The Spanish & Portuguese Department is delighted to host Dr. Liliana Sánchez (University of Illinois Chicago) for a virtual talk on "The challenges of formalizing Heritage speakers’ syntax: Lexical frequency, differential access, and transient alignments". The talk will be held on Zoom on March 10 at 4 PM CST. See below for registration link.
There are multiple challenges to formalizing the syntactic properties of Heritage Grammars, among which a) divergence from monolingual varieties and b) variability are the two most investigated. These two challenges are at the basis of the difficulties in analyzing heritage grammars. Divergence from baseline speakers, usually first-generation immigrant native speakers, is a characteristic of heritage speakers’ data for which there is ample evidence from oral production and judgment tasks (Montrul, 2004, 2006, 2017; Polinsky, 2006, 2008a, 2008b, 2018, among others). Concurrently, high levels of variability across individuals and within individuals are found in Heritage speakers’ judgments and oral production. This variability takes the form of an alternation between two or more grammatical variants in the same given linguistic context. It is possible to find, in some cases, that the same Heritage speaker may exhibit variability in the same syntactic context both in production and receptive tasks (Giancaspro and Sánchez 2021). In that respect, variability among heritage speakers differs from structural or sociolinguistic variation as it is difficult to attribute it solely to language-external factors such as differences in proficiency levels or network of speakers. For instance, Spanish Heritage speakers may produce both subjunctive mood, indicative and infinitive morphology after desiderative constructions (e.g., querer que: ‘want for X to’) (Perez-Cortes 2016). These patterns of variability show that Heritage speakers may develop a system that permits multiple linguistic forms to appear in a single context. (See also Montrul 2009, 2011, among others).

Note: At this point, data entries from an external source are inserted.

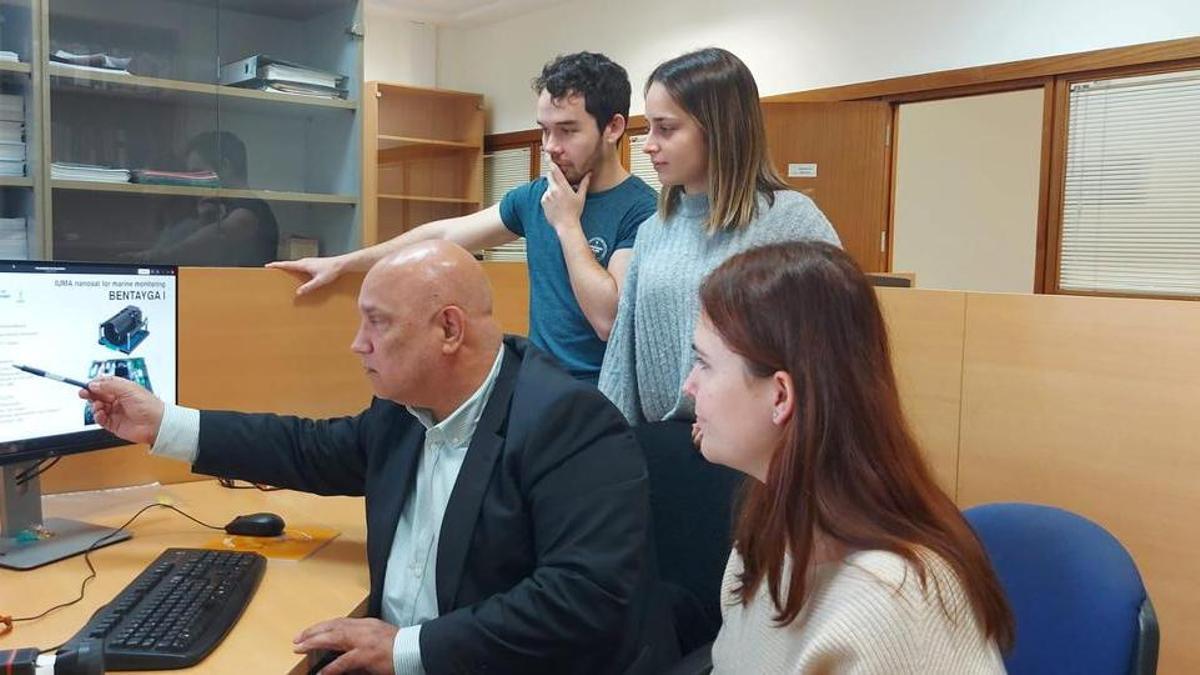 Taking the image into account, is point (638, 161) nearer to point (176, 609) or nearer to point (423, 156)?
point (423, 156)

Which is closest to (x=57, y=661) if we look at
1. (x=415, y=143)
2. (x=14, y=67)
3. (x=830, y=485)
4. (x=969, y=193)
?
(x=830, y=485)

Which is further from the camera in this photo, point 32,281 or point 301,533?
point 301,533

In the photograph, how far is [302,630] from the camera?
1.26 m

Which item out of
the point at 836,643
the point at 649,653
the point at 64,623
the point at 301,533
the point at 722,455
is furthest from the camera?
the point at 301,533

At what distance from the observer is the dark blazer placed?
1.25 metres

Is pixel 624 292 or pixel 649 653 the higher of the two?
pixel 624 292

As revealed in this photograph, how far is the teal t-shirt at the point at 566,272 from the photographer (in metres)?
2.10

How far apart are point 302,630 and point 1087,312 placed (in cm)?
160

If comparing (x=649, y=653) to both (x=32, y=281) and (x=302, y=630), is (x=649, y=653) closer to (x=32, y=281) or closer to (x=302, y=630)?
(x=302, y=630)

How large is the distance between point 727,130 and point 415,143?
4.66 meters

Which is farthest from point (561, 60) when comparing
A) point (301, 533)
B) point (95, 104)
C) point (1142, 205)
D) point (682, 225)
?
point (1142, 205)

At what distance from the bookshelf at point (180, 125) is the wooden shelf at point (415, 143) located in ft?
5.92

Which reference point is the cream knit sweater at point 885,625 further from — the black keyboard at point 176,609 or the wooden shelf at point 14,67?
the wooden shelf at point 14,67

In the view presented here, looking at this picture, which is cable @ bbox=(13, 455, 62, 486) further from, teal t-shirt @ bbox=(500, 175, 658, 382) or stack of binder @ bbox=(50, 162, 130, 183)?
stack of binder @ bbox=(50, 162, 130, 183) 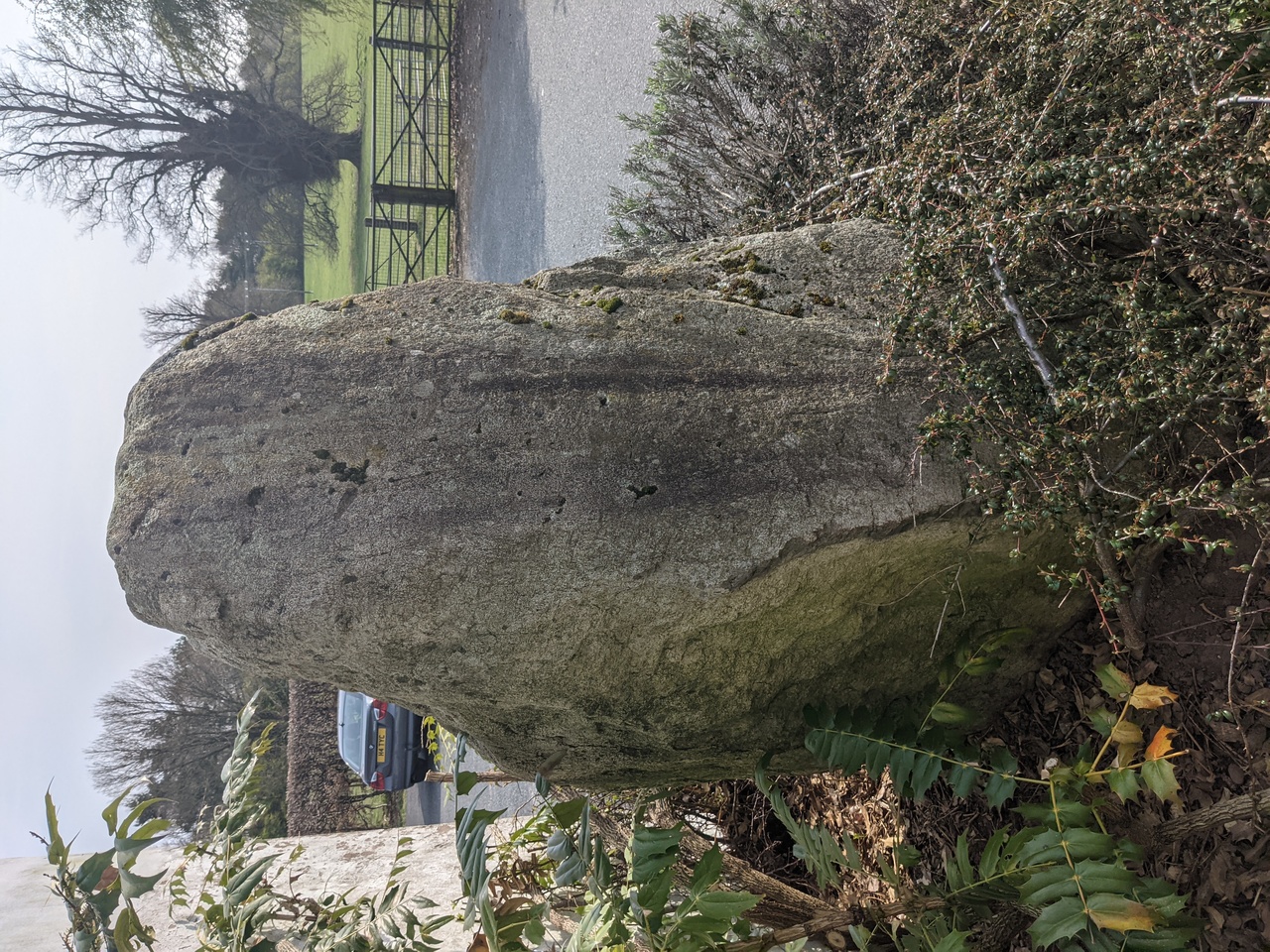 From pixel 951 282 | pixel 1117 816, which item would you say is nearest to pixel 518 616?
pixel 951 282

In this talk, I will discuss some factors involved in variability that may lead to divergence, such as a. differences in the frequency of activation of lexical categories such as nouns and verbs. I will discuss work that shows that heritage speakers perform better in tasks involving syntactic structures with high-frequency lexical items (Hur, López Otero and Sánchez 2021, Perez Cortes 2020, Giancaspro 2020), and I will propose that higher frequency offsets lexical competition due to co-activation (Giezen and Emmorey 2016; Hatzidaki et al. 2011); b. differential access to syntactic representations in receptive and production tasks (Perez Cortés, Putnam and Sánchez 2020); and c. the availability of transient alignments of syntactic features, morphology, and PF (Sánchez 2019).

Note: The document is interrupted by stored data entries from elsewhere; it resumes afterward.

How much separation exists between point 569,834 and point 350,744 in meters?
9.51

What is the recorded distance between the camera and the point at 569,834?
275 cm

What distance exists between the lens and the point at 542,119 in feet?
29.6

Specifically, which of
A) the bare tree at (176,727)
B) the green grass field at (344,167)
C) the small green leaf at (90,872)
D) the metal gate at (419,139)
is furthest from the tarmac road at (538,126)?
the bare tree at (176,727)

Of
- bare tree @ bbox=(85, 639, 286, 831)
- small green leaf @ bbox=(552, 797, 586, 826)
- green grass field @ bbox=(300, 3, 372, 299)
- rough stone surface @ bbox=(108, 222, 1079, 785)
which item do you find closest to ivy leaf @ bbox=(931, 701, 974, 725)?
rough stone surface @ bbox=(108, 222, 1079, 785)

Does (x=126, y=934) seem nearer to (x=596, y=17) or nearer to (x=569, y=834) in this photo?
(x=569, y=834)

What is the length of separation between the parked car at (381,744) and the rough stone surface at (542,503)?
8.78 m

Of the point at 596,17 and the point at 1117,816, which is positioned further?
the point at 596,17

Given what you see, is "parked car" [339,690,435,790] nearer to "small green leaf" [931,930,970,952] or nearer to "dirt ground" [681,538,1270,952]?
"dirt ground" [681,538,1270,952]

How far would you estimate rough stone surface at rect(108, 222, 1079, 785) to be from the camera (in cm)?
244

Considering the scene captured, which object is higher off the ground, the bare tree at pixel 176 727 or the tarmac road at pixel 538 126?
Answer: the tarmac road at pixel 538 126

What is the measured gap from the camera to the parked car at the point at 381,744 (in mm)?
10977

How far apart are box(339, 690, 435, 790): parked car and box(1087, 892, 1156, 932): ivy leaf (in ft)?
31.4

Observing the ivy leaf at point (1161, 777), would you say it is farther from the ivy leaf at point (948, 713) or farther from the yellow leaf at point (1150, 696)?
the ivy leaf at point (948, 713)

Dr. Liliana Sánchez's (UIC) research lies in bilingual, heritage and comparative syntax. In bilingual syntax, her current work focuses on crosslinguistic influence across language components especially syntax, morphology and informational structure (Spanish in contact with Quechua, Shipibo, Ashaninka, Korean and English). Her work on heritage bilingualism focuses on modeling processes of divergent access to heritage grammars. In comparative syntax, Sánchez works on the interface between informational structure and morphosyntax (Spanish, Quechua).